Work to complete: The line containing "Custom Handmade Damascus" and every line after it, through the end of the records below: repeat them exactly, nothing more.

Web page caption snippets
══════

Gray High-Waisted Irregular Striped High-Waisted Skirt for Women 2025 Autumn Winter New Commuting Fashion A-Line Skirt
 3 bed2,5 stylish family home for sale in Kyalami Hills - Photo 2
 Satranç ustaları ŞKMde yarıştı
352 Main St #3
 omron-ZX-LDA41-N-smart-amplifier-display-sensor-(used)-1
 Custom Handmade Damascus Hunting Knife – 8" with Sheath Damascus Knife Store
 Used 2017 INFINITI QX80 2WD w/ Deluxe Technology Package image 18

══════

Result of this task:
 Custom Handmade Damascus Hunting Knife – 8" with Sheath Damascus Knife Store
 Used 2017 INFINITI QX80 2WD w/ Deluxe Technology Package image 18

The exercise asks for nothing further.